Dicembre 5th, 2024 at 8:07 pm
grazie
Dicembre 6th, 2024 at 7:23 am
Prego
Dicembre 6th, 2024 at 9:08 am
Higashikage roshi mi ha chiesto di pubblicare una nuova versione dell’introduzione al suo libro, in modo che si capisca chiaramente che non aveva alcuna intenzione di chiamare in causa il concetto di atman. Eccola:
禅と言うと、坐禅して悟りを開く、坐禅は無念無想だ。と思っている人が多いと思います。しかし、道元禅師の禅はそうではなく、修行が悟り、宇宙と続きの私の現成なのです。(宇宙と続きの私というのは、あらゆる生き物を生かすのと同じ働きによって生かされている私、という意味です。)

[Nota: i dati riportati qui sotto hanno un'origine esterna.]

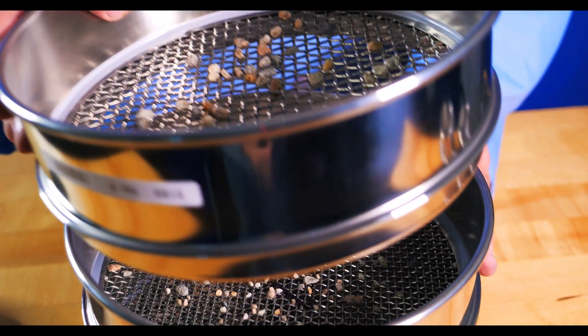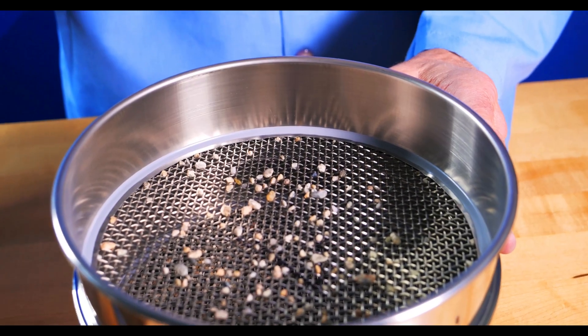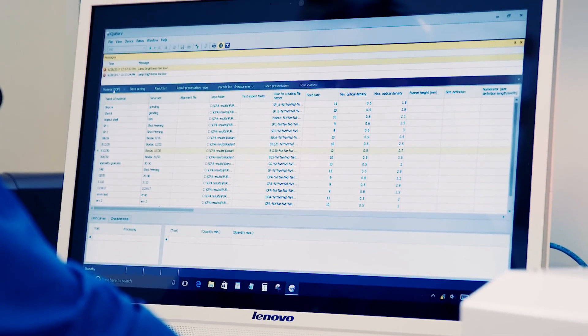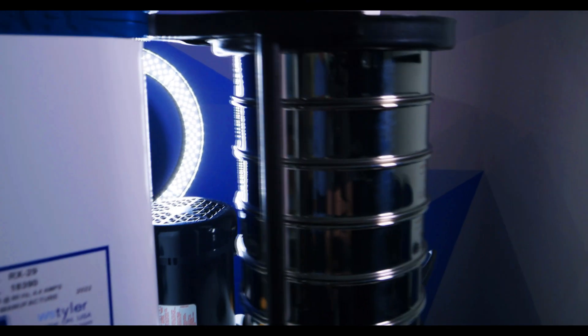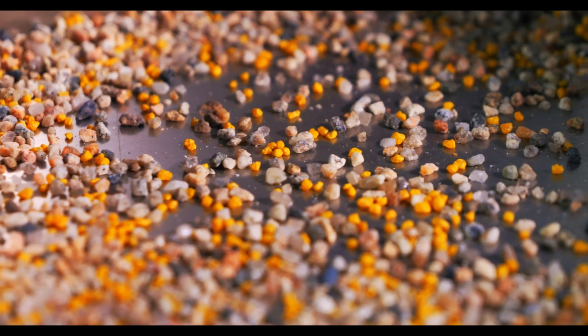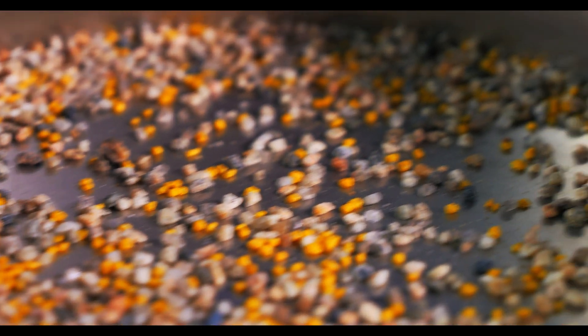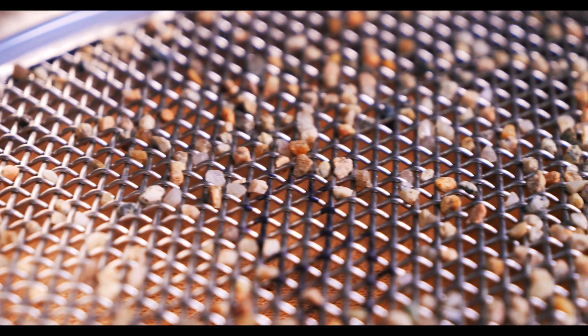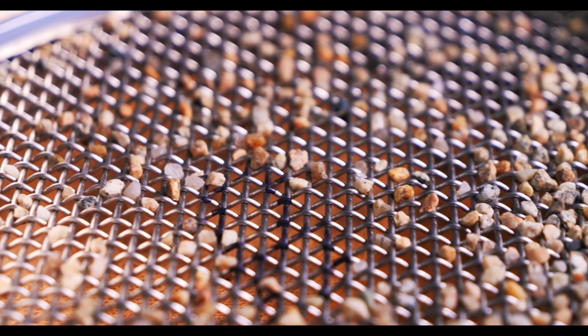Remove the sieve stack from the shaker and weigh each sieve individually without removing the material. Record the weight of each sieve, put the sieve stack back on the sieve shaker and run the material for an additional minute. Remove the sieve stack and weigh each sieve individually and record the weight. If 0.1 gram or more material passed through one sieve to another, repeat the last steps until there's less than 0.1 gram of material passing between the sieves.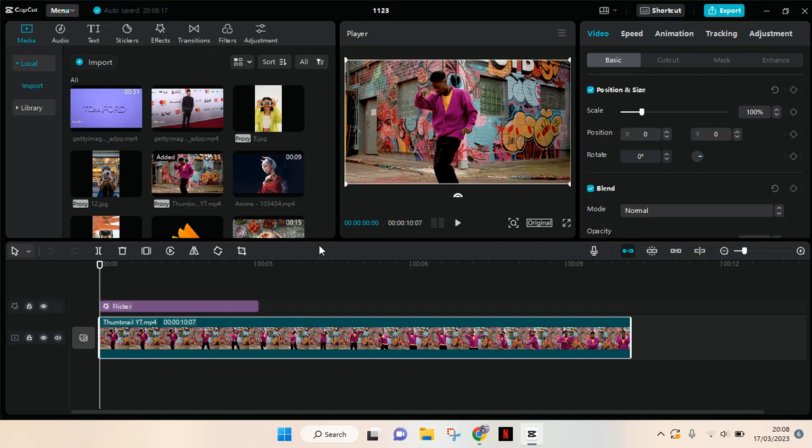Hi everyone, welcome back to this channel. In this video I'm going to show you how you can cut a video in CapCut PC using the crop and split features. First, I'm going to show you how you can split.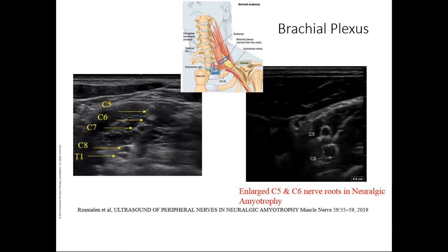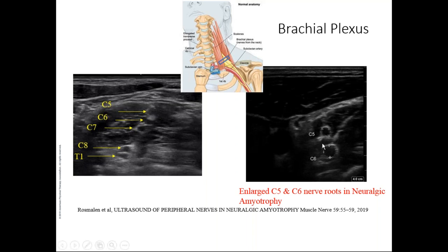For brachial plexus imaging: anterior scalene and middle scalene are visible, and between them you can identify C5, C6, C7, C8, and T1 nerve roots as they emerge. In neuralgic amyotrophy — also known as Parsonage-Turner syndrome or acute brachial neuritis — you can observe swelling of the nerve roots; C5 and C6 in particular appear swollen compared to normal. Inflammatory pathology with demyelination leads to endoneural edema and nerve swelling. If someone has thoracic outlet syndrome, scanning the brachial plexus region can reveal anomalies or focal changes in the nerve roots.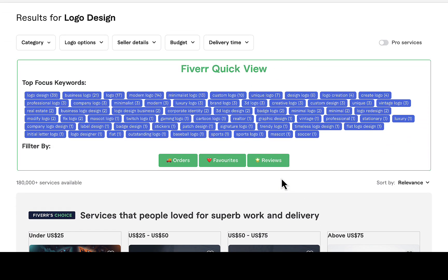You can also watch this video in the top right on how to do keyword research on Fiverr using Google Keyword Planner. I explain in detail how to use that tool as well — it's free. Thank you.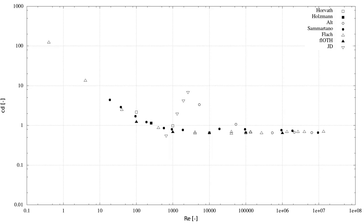I put together all the drag coefficients and the dependence of the Reynolds number from these 7 participants: Andrej Horvath, Topi Holzmann, Christian Alt, Vincenzo Samartano, Michael Flach, the CFD team from Bavaria and JD.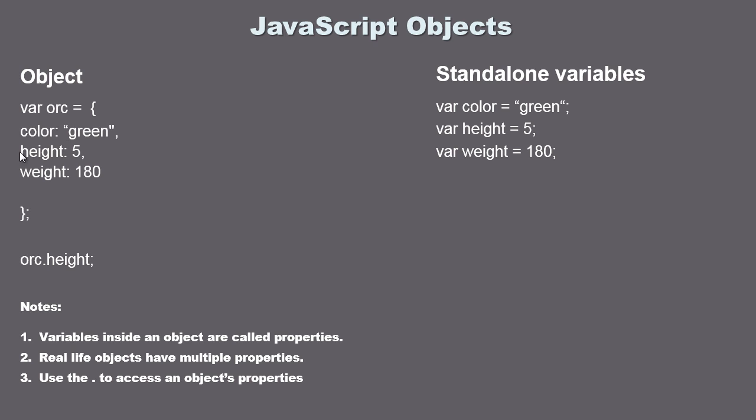Basically all the dot does is tell JavaScript what we're going to access inside of our object. In this case, height. So think of it that way. It's just a way to access a specific property inside of our object. In this case height, we could put weight here, we could put color. That's what that dot does. The property always comes after the dot, the object name always comes before the dot.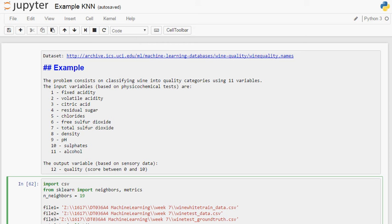Hello. In this video, I'm going to show you an example on how to use KNN or K-Nearest Neighbors classifier using Python, using Scikit-learn.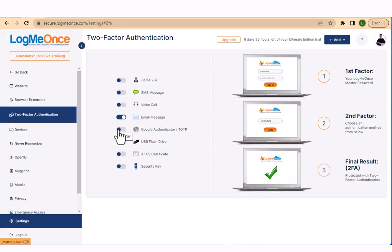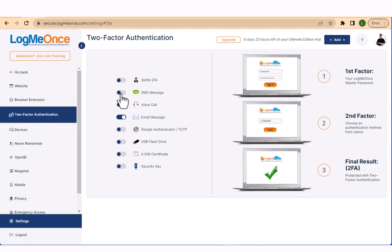Welcome to this tutorial on setting up SMS message two-factor authentication. To provide better protection for your LogMeOnce account, we offer multiple options such as 2FA and passwordless options.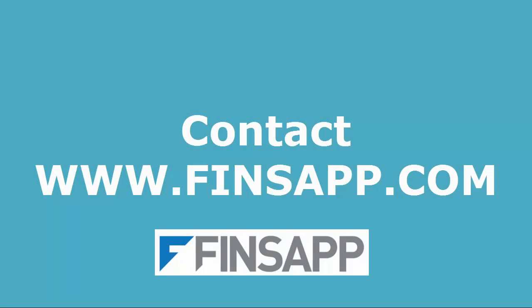Thank you for your time. For more information, please contact the sales team at Finsapp.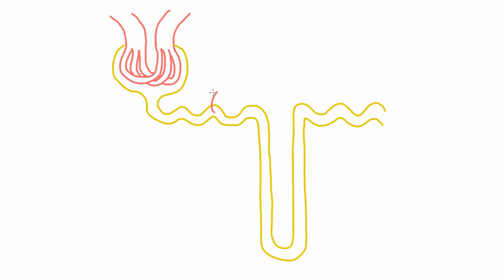Now we know how sodium is reabsorbed from the proximal convoluted tubule, so let's move on to the next part, the loop of Henle.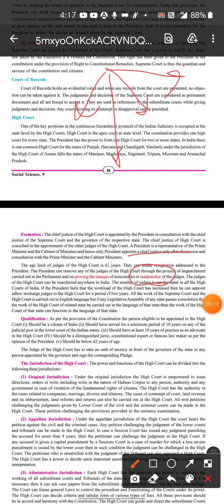Regarding the language of the High Court, all proceedings will be carried out in the English language. However, if the legislative assembly feels they should use another language, they can pass a resolution in that other language, and the High Court proceedings can then be conducted in that language as well.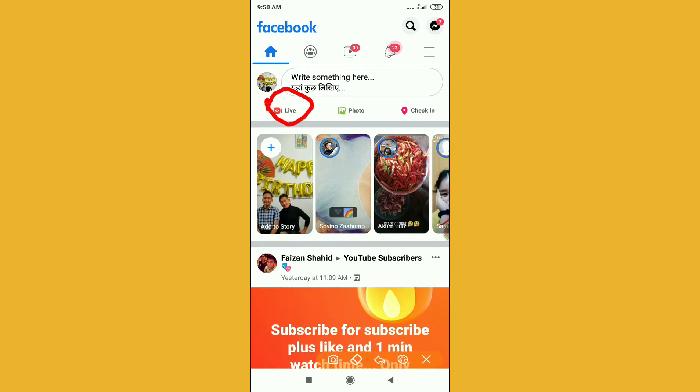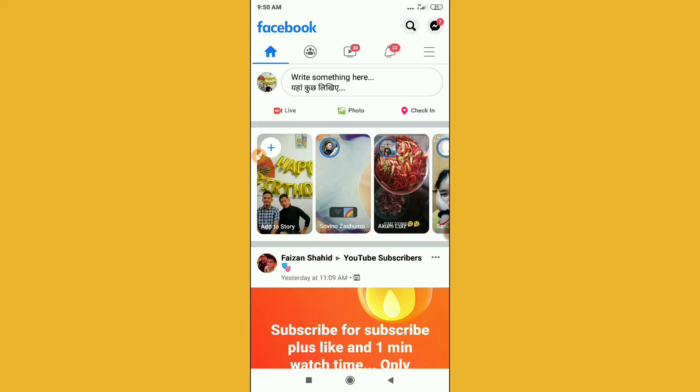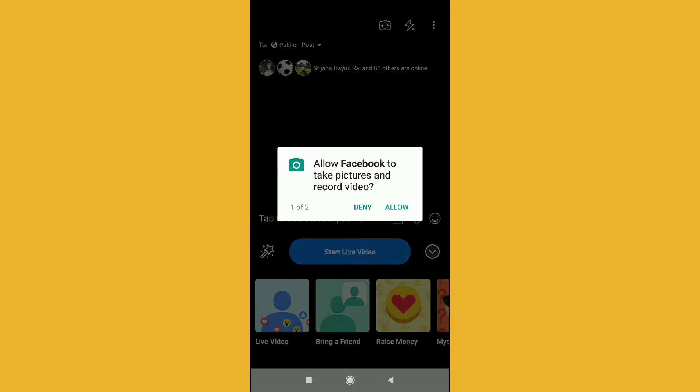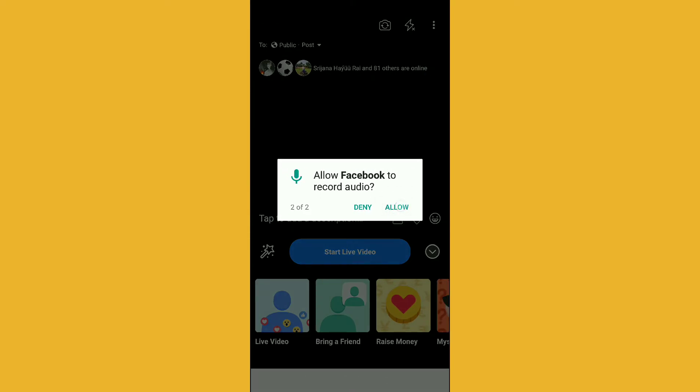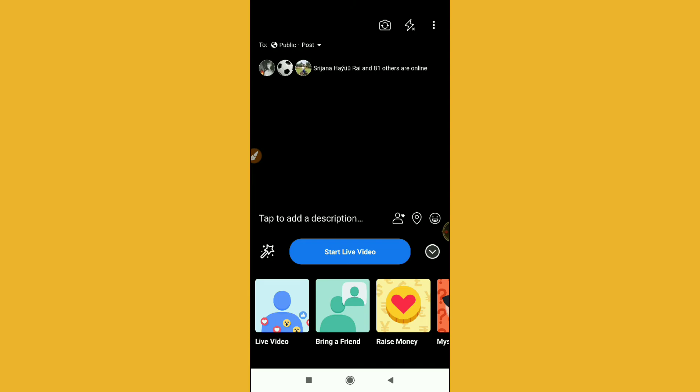Sorry, this is the live icon. So just click here. After clicking here I will show you, you have to allow the option here. So just allow it.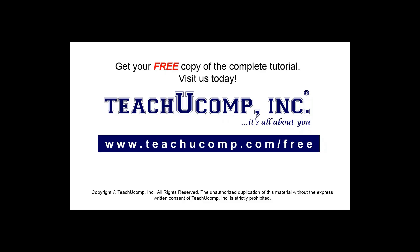Get your free copy of the complete tutorial at www.teachucomp.com/free.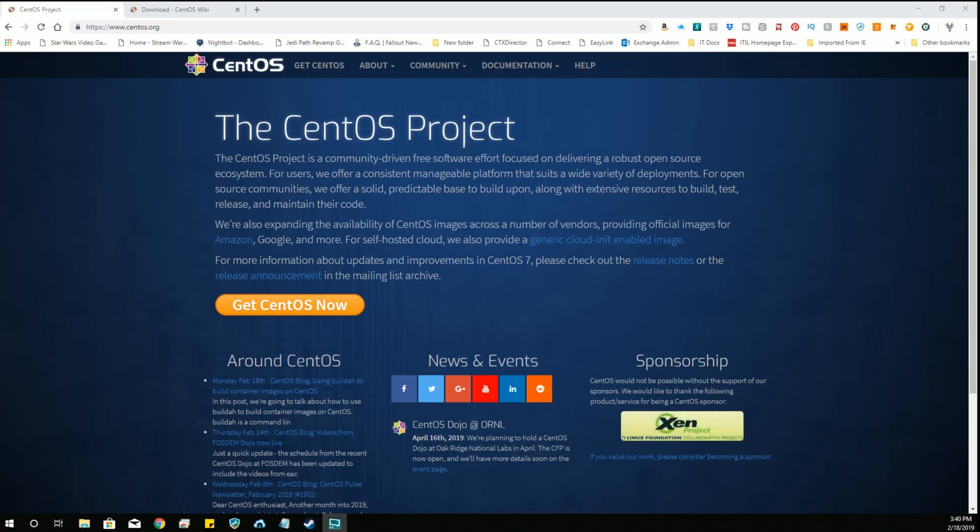Hello and welcome to another Raspberry Pi operating system install video. Today we're going to install CentOS.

本文中に何回も「宇宙と続きの自己」という言葉が出てきますが、それは、「あらゆる生き物を生かすのと同じ働きによって生かされている私」という意味です。また、生きている限り、思いは浮かんでは消え、浮かんでは消えていきます。坐禅中、考えようと思っていなくても、自然に思いは浮かんできますが、無理に消そうとせず、坐禅に任せて行けばよいのです。この修行が悟り、禅は無念無想ではない、ということを現蔵はじめ歴代の祖師がたの言葉を引いて、それを証明しています。
東影大地
In italiano:
Molti pensano che, quando parlo di Zen, io intenda dire che si diventa illuminati sedendo in zazen e che lo zazen è un processo senza pensieri e senza associazioni mentali. Tuttavia, lo Zen di Dogen zenji non è così, piuttosto la pratica è illuminazione, l’attualizzazione del me connesso all’universo. L’espressione “io come continuazione dell’universo” compare molte volte nel testo e significa “io che sono animato dalla stessa attività che anima tutti gli esseri viventi”. Inoltre, finché siamo vivi, i pensieri vanno e vengono, entrano ed escono dalla nostra mente. Durante lo zazen, i pensieri si affacciano naturalmente alla mente anche quando non li si pensa intenzionalmente, ma non si deve cercare di eliminarli per forza, bensì procedere lasciando fare allo zazen.
Questa pratica è il satori, lo Zen non è uno stato di assenza di pensieri e di associazioni mentali; questo lo troviamo detto nello Shobogenzo di Dogen e in gli altri maestri del passato. Le parole di Dogen e di altri patriarchi del passato sono citate nel mio libro per sostenere le mie affermazioni.